PARIS: Au lendemain d'un article-choc de Libération, la direction d'EELV a réaffirmé samedi sa confiance dans la cellule interne du parti chargée des violences faites aux femmes, après les accusations de violences psychologiques visant son ex-secrétaire national Julien Bayou.
Europe-Ecologie Les Verts, qui réunit ce week-end comme prévu son conseil fédéral -le parlement du parti-, avait rassemblé dans la matinée son bureau exécutif et la cellule interne, après un article de Libération révélant vendredi que Julien Bayou, qui a démissionné après des accusations de violences psychologiques sur une ex-compagne, était sous la surveillance de militantes féministes du parti.
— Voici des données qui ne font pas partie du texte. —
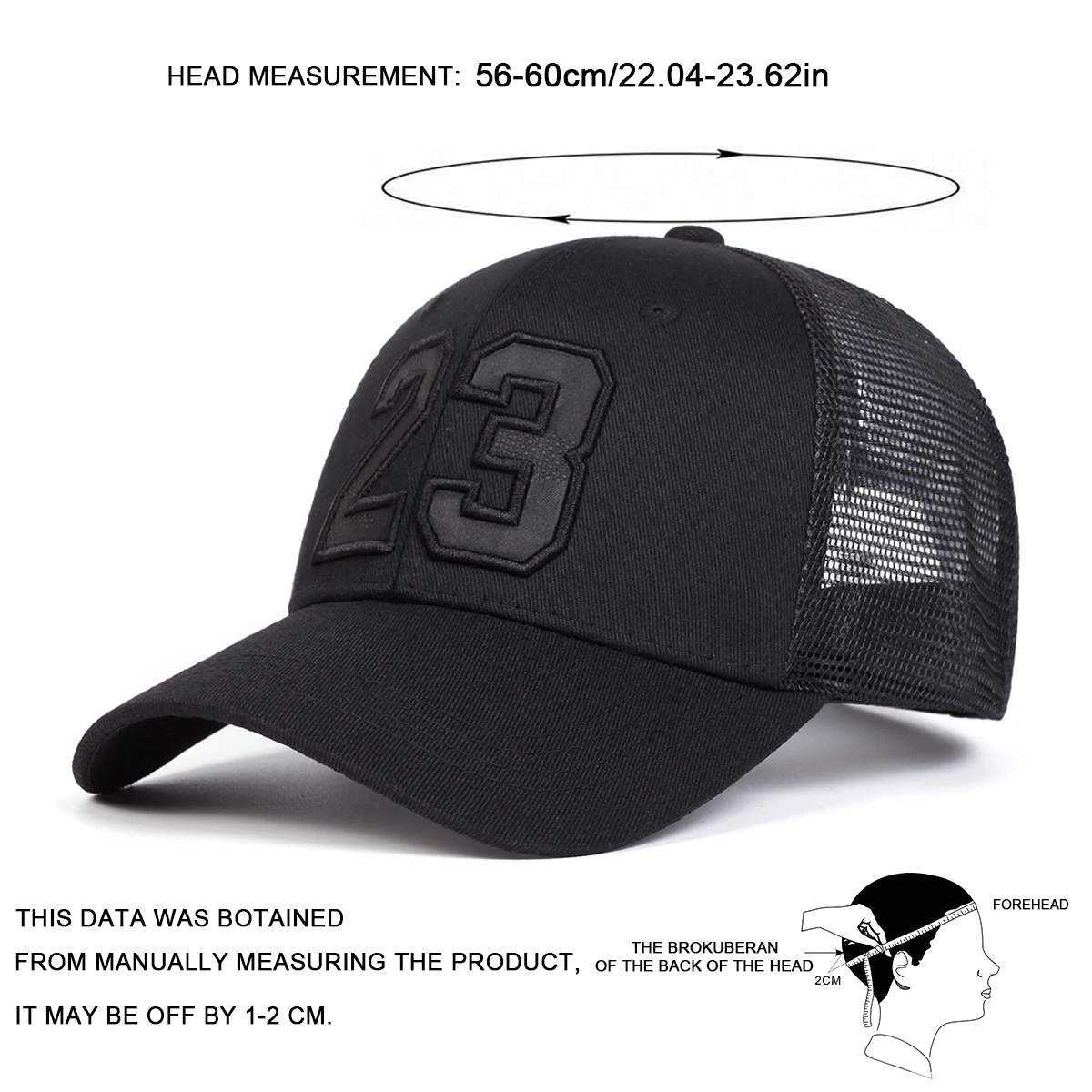 Unisex 23 Embroidery Baseball Net Caps Hip Hop Cap Spring Summer Outdoor Adjustable Casual Hats Sunscreen Hat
"Les informations parues dans Libé confirment la nécessité de réfléchir à la meilleure façon de traiter ce cas particulier", a expliqué un cadre d'EELV à l'AFP. Selon une autre source, il était "normal que les informations dans cet article soient prises en compte et traitées politiquement".
A l'issue de cette réunion, le bureau exécutif a renouvelé sa "confiance" dans la cellule interne, dont le travail a été critiqué par l'avocate de Julien Bayou, et par plusieurs responsables politique extérieurs, dénonçant une "justice privée".
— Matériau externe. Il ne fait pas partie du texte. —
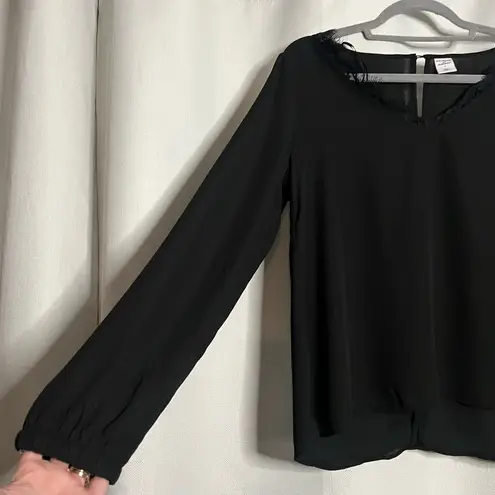 Melrose and Market Black Semi Sheer Long Sleeve Lace Trim Blouse Small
Le secrétaire national adjoint Jérémie Crépel, qui remplace temporairement, avec Léa Balage, Julien Bayou, a fait part de "notre fierté de recueillir la parole des victimes et de traiter avec sérieux les violences sexistes et sexuelles alors que d’autres choisissent de les ignorer".
Il a souligné que "la possible nécessité d'externaliser toutes ou une partie des enquêtes (était) sur la table", mais a salué l'abnégation" des membres de cette cellule, "instance disciplinaire de notre mouvement chargée de proposer des sanctions internes".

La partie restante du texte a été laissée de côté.